Records for processing:
======

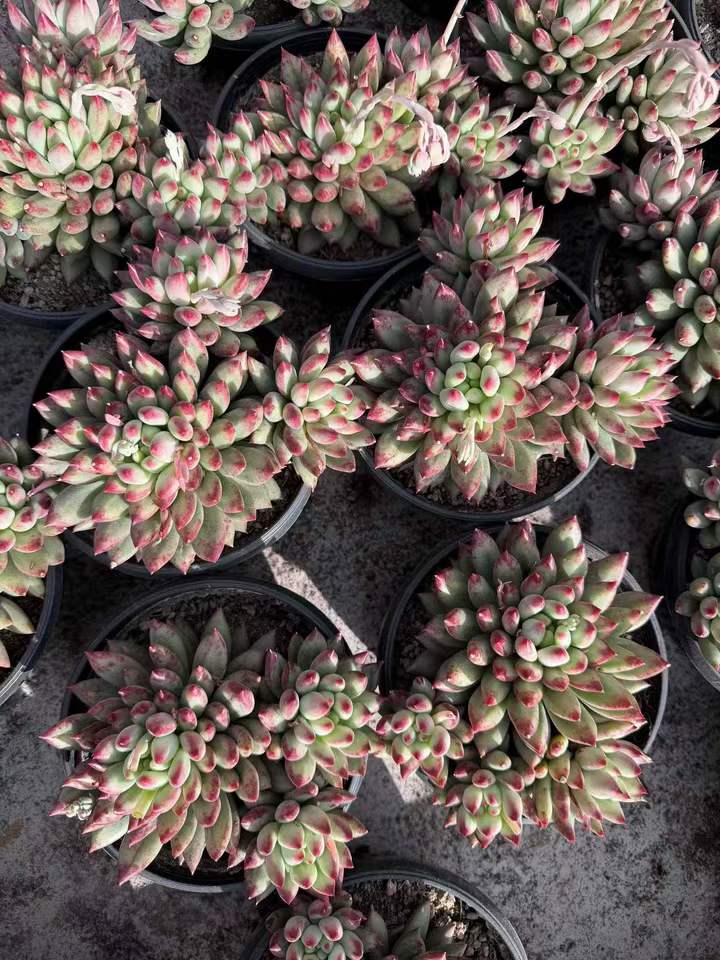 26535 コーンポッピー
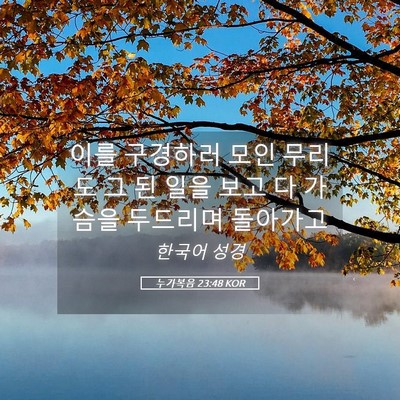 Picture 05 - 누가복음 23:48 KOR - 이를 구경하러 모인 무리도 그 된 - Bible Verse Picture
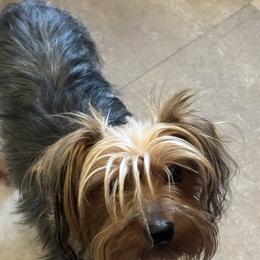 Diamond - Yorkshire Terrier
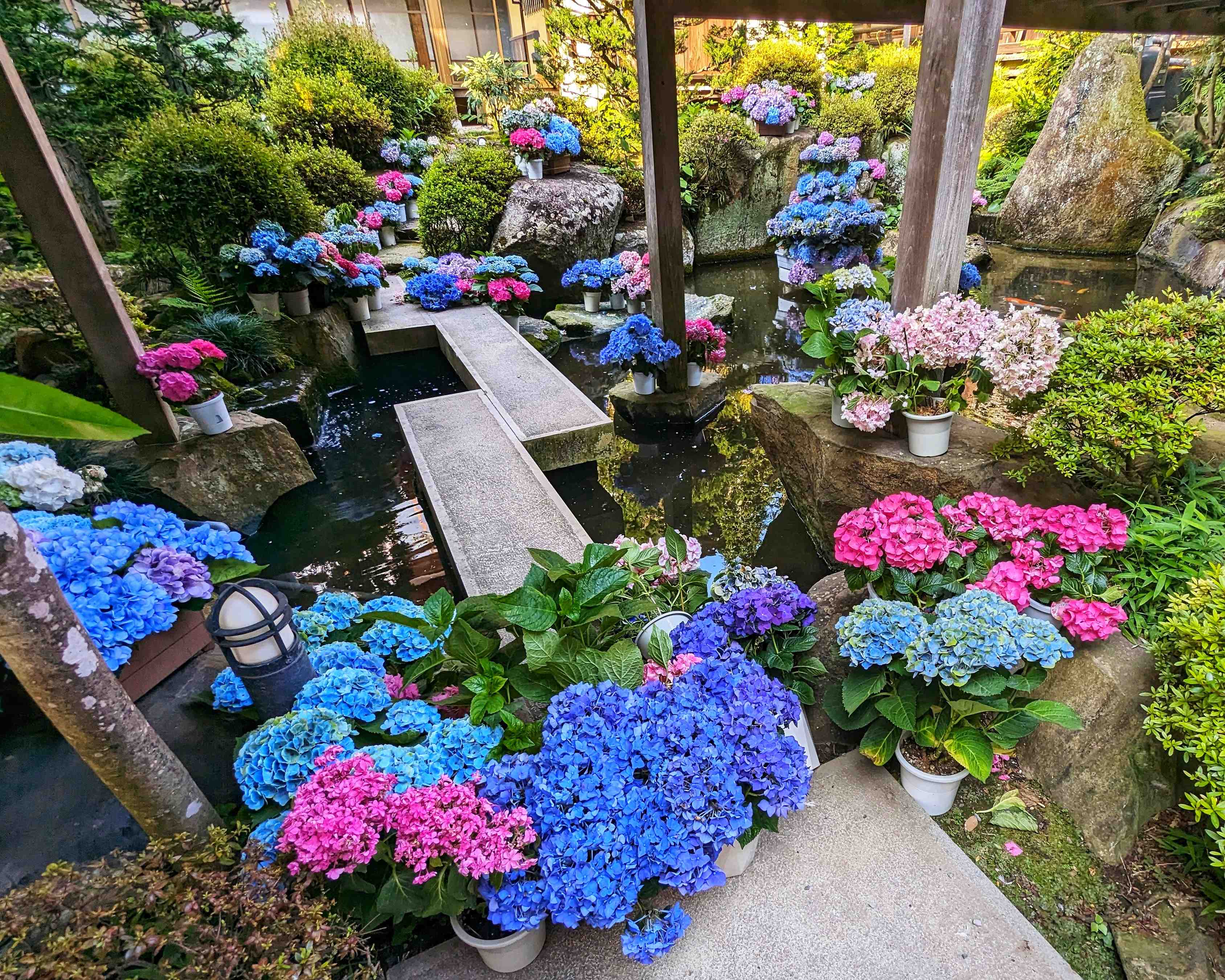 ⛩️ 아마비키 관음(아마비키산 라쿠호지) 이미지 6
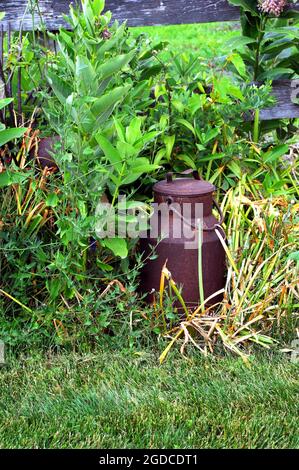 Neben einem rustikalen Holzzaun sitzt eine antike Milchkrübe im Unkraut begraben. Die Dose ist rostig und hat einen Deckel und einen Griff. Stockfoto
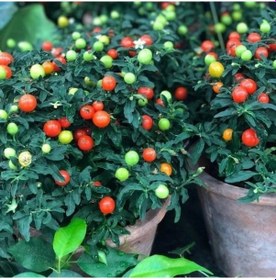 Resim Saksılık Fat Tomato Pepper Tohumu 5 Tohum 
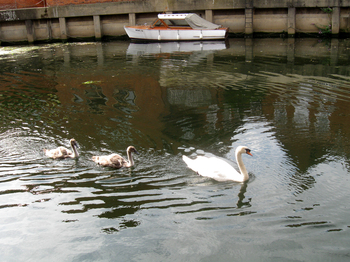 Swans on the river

======

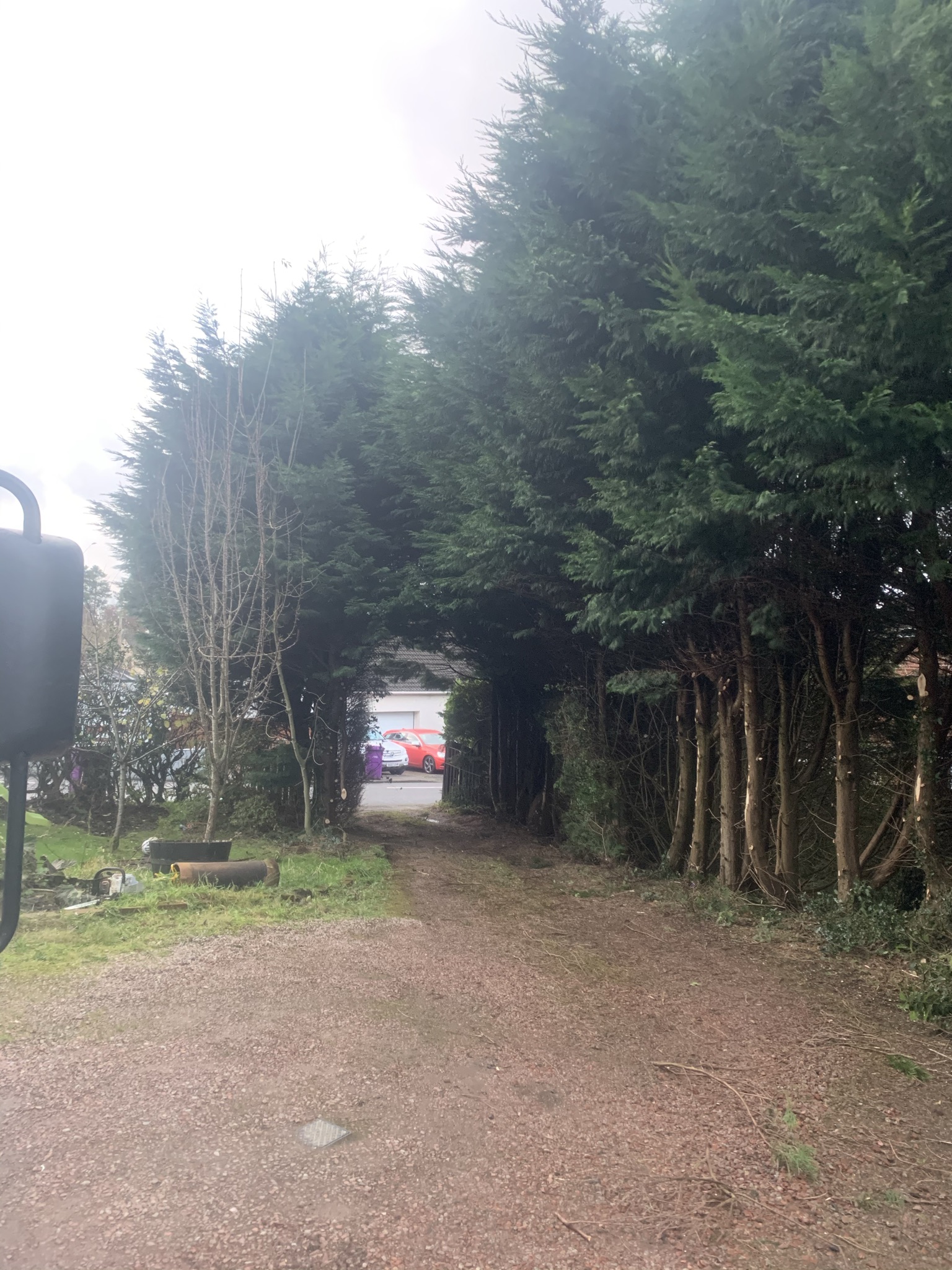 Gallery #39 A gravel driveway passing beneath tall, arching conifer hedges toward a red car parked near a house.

======

Problem requirements: Leave out every picture, and copy exactly the lines above starting at the one holding "Resim Saksılık Fat" and ending at the one holding "Swans on the river", no more and no less.

Answer to the exercise:
 Resim Saksılık Fat Tomato Pepper Tohumu 5 Tohum 
 Swans on the river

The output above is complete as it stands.